Referring next to FIGS. 4 and 5, the knob 5 is rotated counterclockwise so that the rollers 33 and the balls 42 are caused to move toward one end of the respective recesses 32, 35. When the yoke 2 is actuated by the driving axle 25 to rotate counterclockwise, the rollers 33 are caused to slide further toward the ends of the recesses 32 so that the ring portion 30 of the socket 3 is clamped by the rollers 33 and so that the socket 3 is caused to rotate counterclockwise. When the socket 3 is driven to rotate counterclockwise, as shown in FIG. 5, the balls 42 within the recesses 35 are caused to rotate relatively toward the center, which is wider, of the recesses 35 so that the socket 3 will not be clamped by the balls 42 and can freely rotate counterclockwise.
When the yoke 2 is actuated to rotate clockwise, the rollers 33 are caused to rotate toward the center, which is wider, of the recesses 32 so that the yoke 2 can not drive the socket 3 to rotate (FIG. 4). At this moment, the socket 3 has a tendency to rotate clockwise so that the balls 42 are caused to move relatively toward the ends of the recesses 35, which prevents the socket 3 from rotating clockwise (backlash) (FIG. 5). The socket 3 and the drive shaft 31 are active counterclockwise.
Referring next to FIGS. 6 and 7, the knob 5 is rotated clockwise so that the rollers 33 and the balls 42 are caused to move toward the other end of the respective recesses 32, 35. When the yoke 2 is actuated by the driving axle 25 to rotated clockwise, the rollers 33 are caused to slide further toward the ends of the recesses 32 so that the ring portion 30 of the socket 3 is clamped by the rollers 33 and so that the socket 3 is caused to rotate clockwise. When the socket 3 is driven to rotate clockwise, as shown in FIG. 7, the balls 42 within the recesses 35 are caused to rotate relatively toward the center, which is wider, of the recesses 35 so that the socket 3 will not be clamped by the balls 42 and can freely rotate clockwise.

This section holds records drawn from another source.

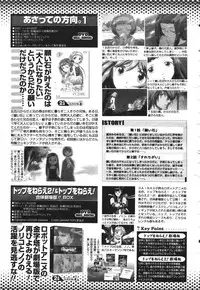 COMIC Momohime 2007-03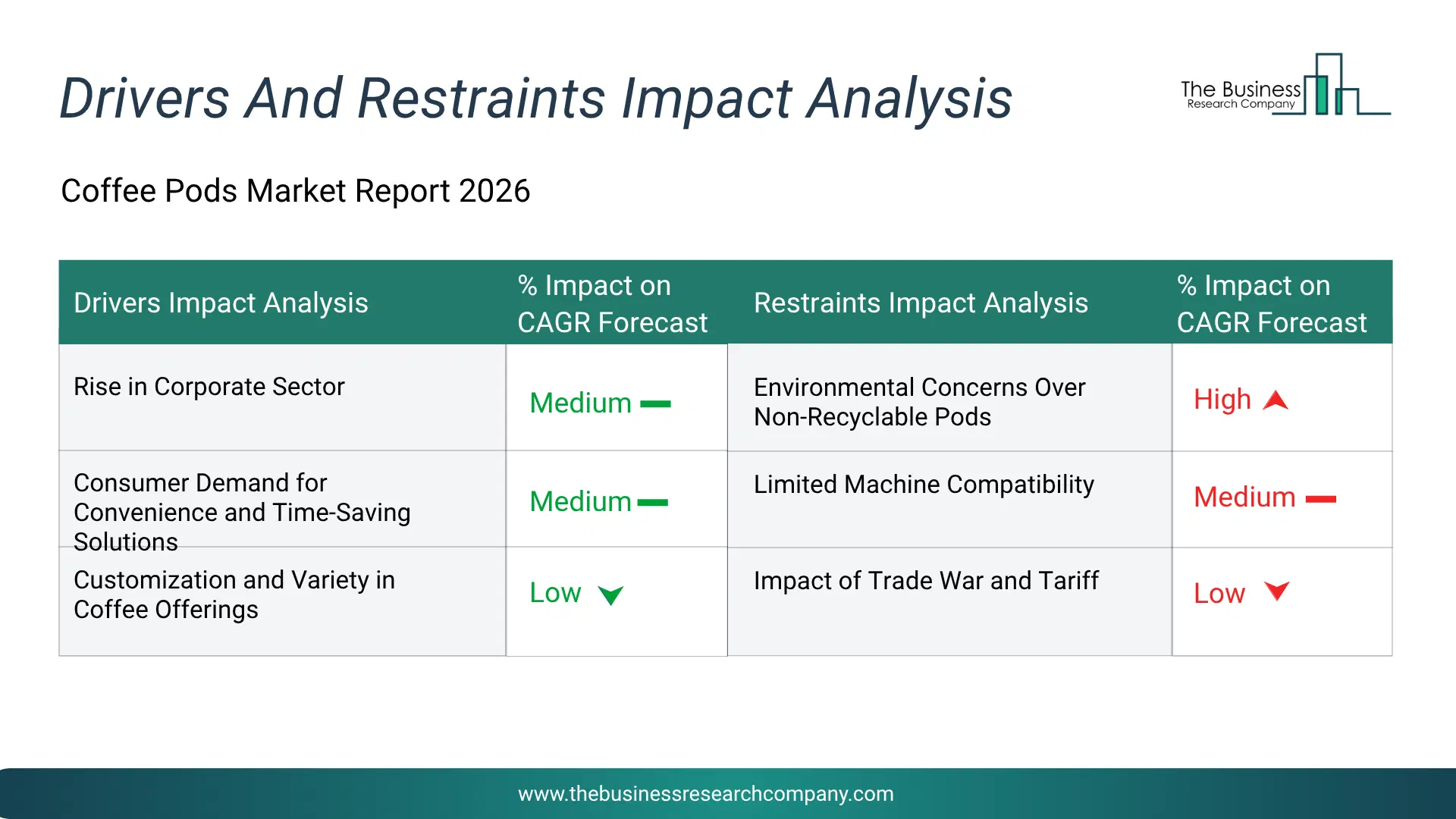 Coffee Pods Key Drivers & Restraints Analysis 2026 Infographic Chart Showing Key Market Drivers Analysis And Restraints For Coffee Pods Market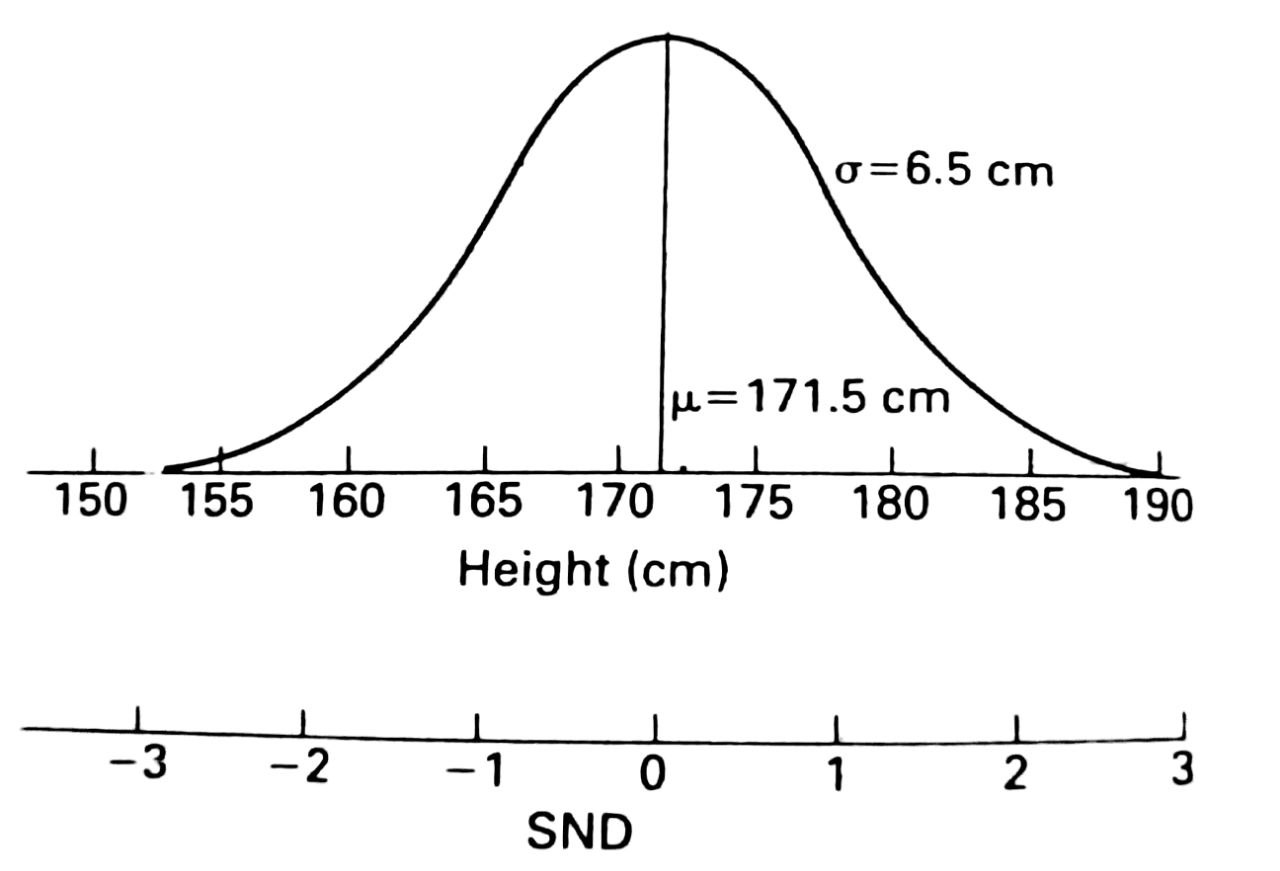 Figure 4.2 - Relationship between normal distribution in original units of measurements and in standard normal deviates.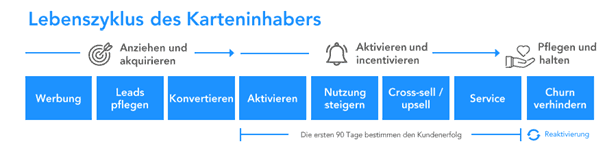 Lebenszyklus des Karteninhabers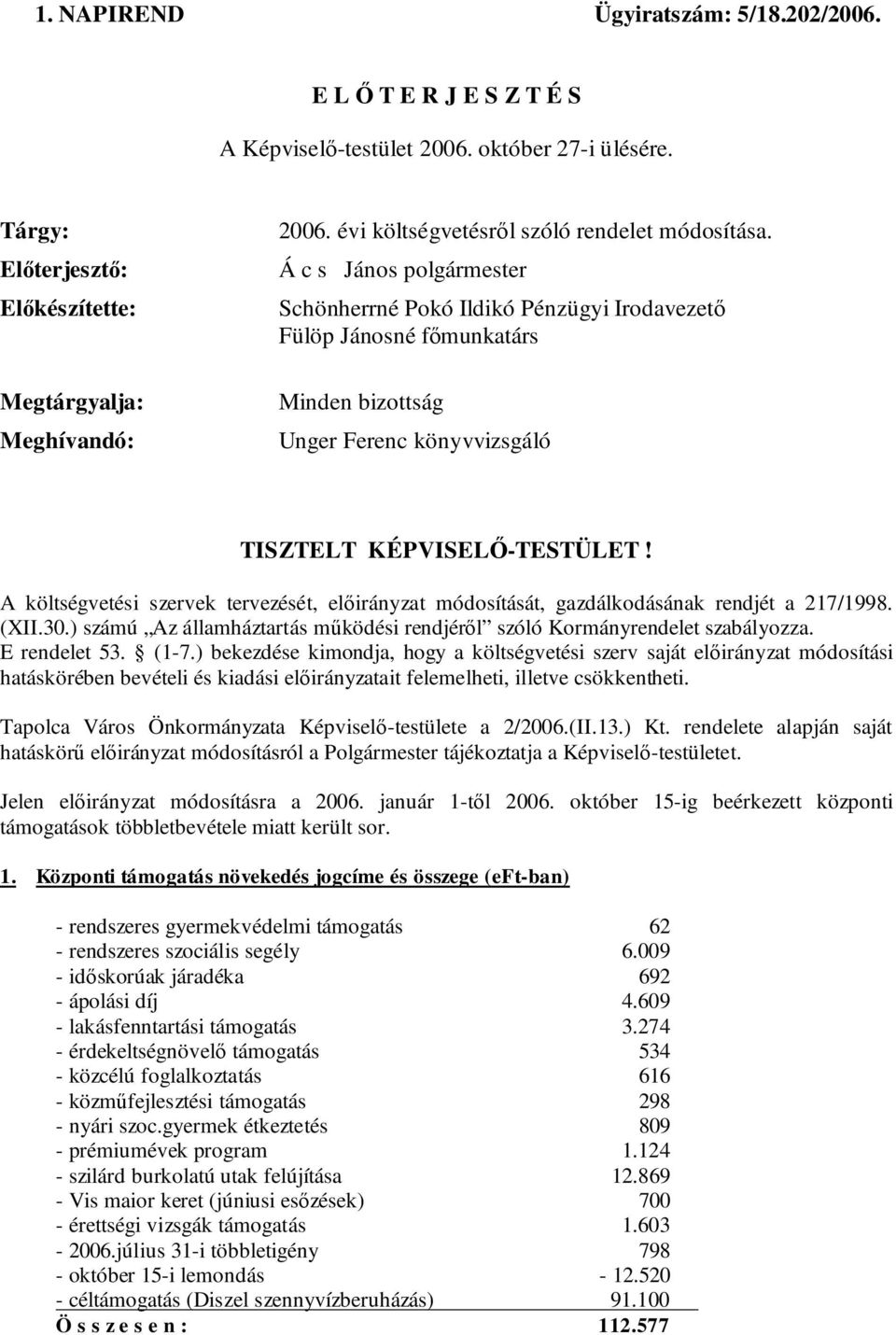 Á c s János polgármester Schönherrné Pokó Ildikó Pénzügyi Irodavezető Fülöp Jánosné főmunkatárs Minden bizottság Unger Ferenc könyvvizsgáló TISZTELT KÉPVISELŐ-TESTÜLET!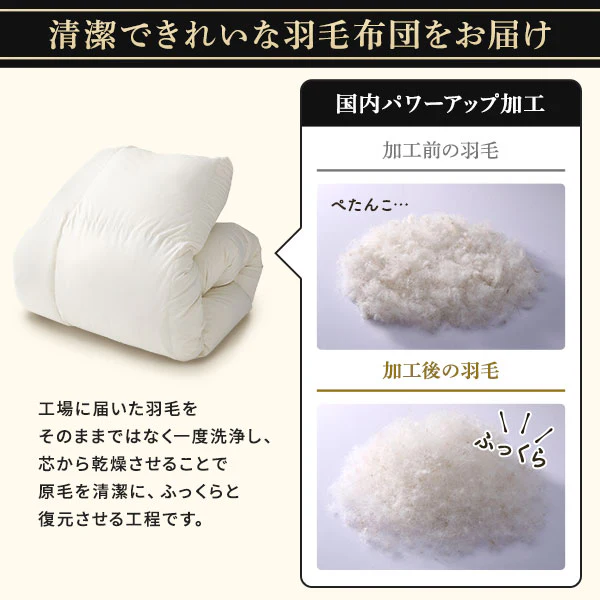 日本製 羽毛掛け布団 ダウン率93% ネイビー - Image 6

When the yoke 2 is actuated to rotate counterclockwise, the rollers 33 are caused to rotate toward the center, which is wider, of the recesses 32 so that the yoke 2 can not drive the socket 3 to rotate (FIG. 6). At this moment, the socket 3 has a tendency to rotate counterclockwise so that the balls 42 are caused to move relatively toward the ends of the recesses 35, which prevents the socket 3 from rotating clockwise (backlash) (FIG. 7). The socket 3 and the drive shaft 31 are active clockwise.
It is to be noted that the force required to prevent the socket 3 from backlash is small, only one ball 42 is enough to prevent the socket 3 from rotating backwards. It is also to be noted that there is no force applied to the yoke 2 when the yoke 2 is rotated in a direction opposite to an active direction of the socket 3 so that the yoke 2 may freely rotate backwards. Accordingly, the driving axle 25 does not need to overcome additional forces applied to the yoke 2 so that energy is conserved.
Since there is no additional force applied to the yoke 2 when the yoke 2 is rotated in a direction opposite to an active direction of the socket 3, there is no need for the driving axle 25 to spend additional energy to overcome additional forces. Accordingly, the power wrench in accordance with the present invention conserves energy. The efficiency thereof is greatly increased.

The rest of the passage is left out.